Imam Ahmad jeli. Iblis berusaha merusak akidah kaum muslimin dari pintu lainnya. Ini bukan cara mengingkari kemungkaran yang tepat. Ini bentuk penyimpangan lainnya.
"Ingkari perbuatannya dalam kalbu-kalbu kalian. Jangan sekali-kali kalian melawan penguasa. Jangan kalian patahkan tongkat kaum muslimin. Jangan kalian tumpahkan darah kalian dan darah kaum muslimin yang ikut bersama kalian. Pertimbangkan lagi akibatnya. Sabarlah sampai tiba waktunya untuk istirahat, mungkin dengan meninggalnya kalian atau meninggalnya dia terlebih dahulu. Memberontak bukanlah ajaran yang benar. Ini menyelisihi bimbingan Rasul," nasihat Imam Ahmad.

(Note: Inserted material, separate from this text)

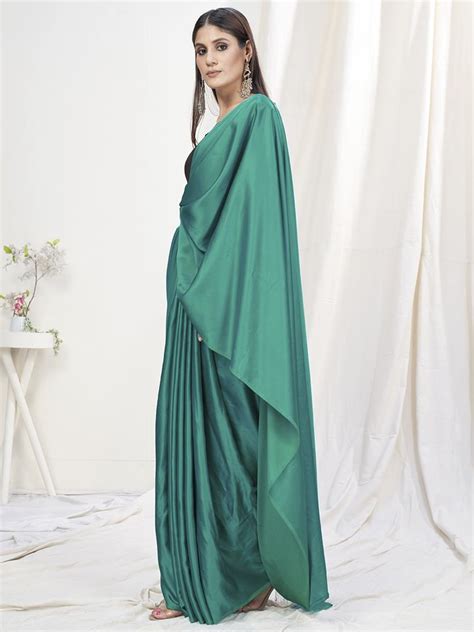 Teal Green Pre-Stitched Blended Silk Saree - Clothsvilla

Waktu terus bergulir. Semua cobaan dan fitnah dihadapi Ahmad dengan penuh kesabaran. Hingga pada tahun 232 H, al-Mutawakkil naik menggantikan al-Watsiq. Allah tolong agama-Nya dengan sebab beliau. Allah tegakkan sunah dengan sebab beliau. Dan Allah tampakkan akidah ahlussunnah dengan sebab al-Mutawakkil setelah sebelumnya ahlussunnah mendapatkan ujian, fitnah, dan cobaan yang sangat dahsyat pada tiga khalifah sebelumnya.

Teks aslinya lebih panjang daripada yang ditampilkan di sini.